Given information |

################

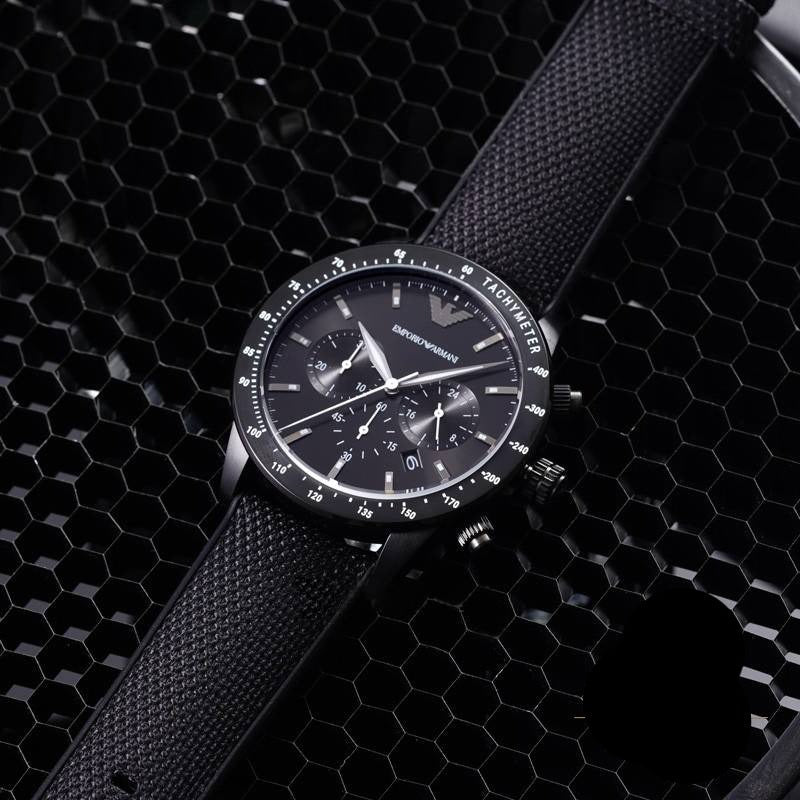 Emporio Armani Mario Chronograph Quartz Black Dial Black Nylon Strap Watch For Men - AR11453 Buy Now By Emporio Armani
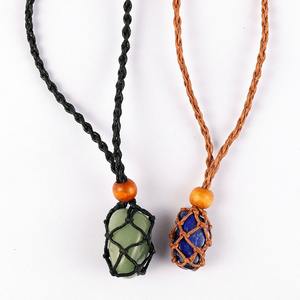 Collar SC con Soporte para Piedras Preciosas, Hecho a Mano, con Cuerda Trenzada, Ajustable, Retráctil, <span class=keywords><strong>Bolsa</strong></span> de Red, Soporte para Cristales - Product Image 6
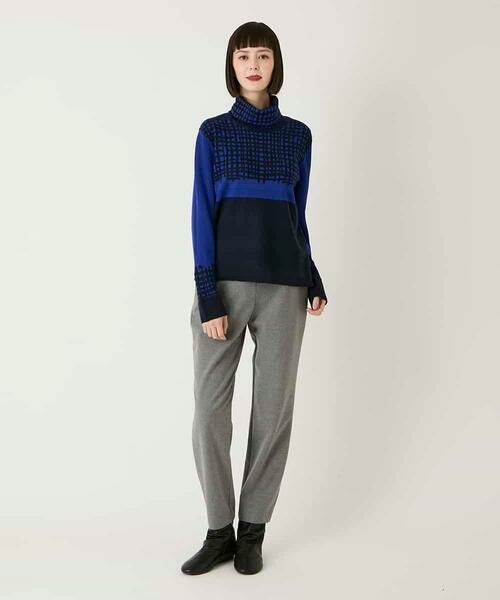 HIROKO BIS GRANDE / ヒロコビス グランデ ニット・セーター | 【大きいサイズ】チェックアクセントタートルネックニット | 詳細23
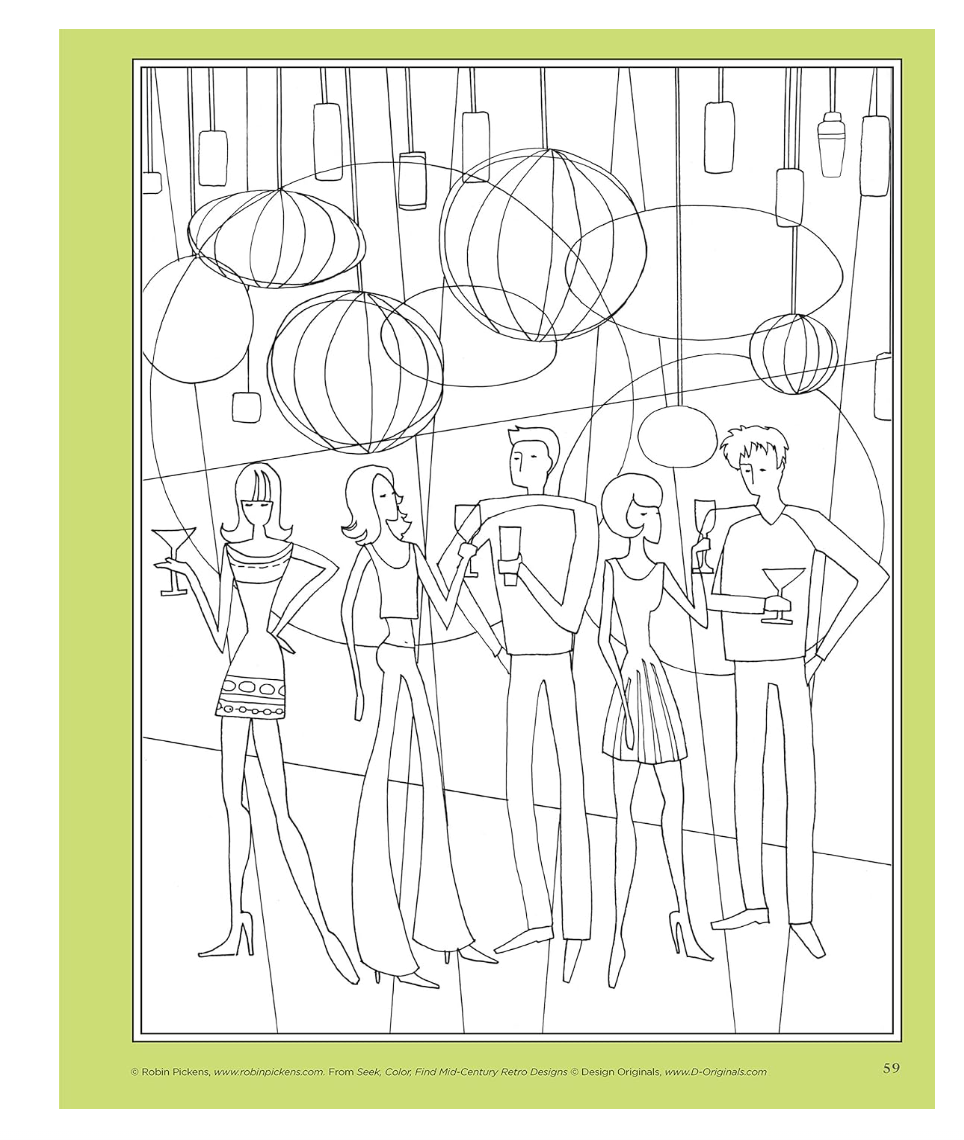 Seek, Color, Find Mid-Century Retro Designs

################

Exercise description | Any images must be dropped; all other material is to be printed exactly.

Response |
 Emporio Armani Mario Chronograph Quartz Black Dial Black Nylon Strap Watch For Men - AR11453 Buy Now By Emporio Armani
 Collar SC con Soporte para Piedras Preciosas, Hecho a Mano, con Cuerda Trenzada, Ajustable, Retráctil, <span class=keywords><strong>Bolsa</strong></span> de Red, Soporte para Cristales - Product Image 6
 HIROKO BIS GRANDE / ヒロコビス グランデ ニット・セーター | 【大きいサイズ】チェックアクセントタートルネックニット | 詳細23
 Seek, Color, Find Mid-Century Retro Designs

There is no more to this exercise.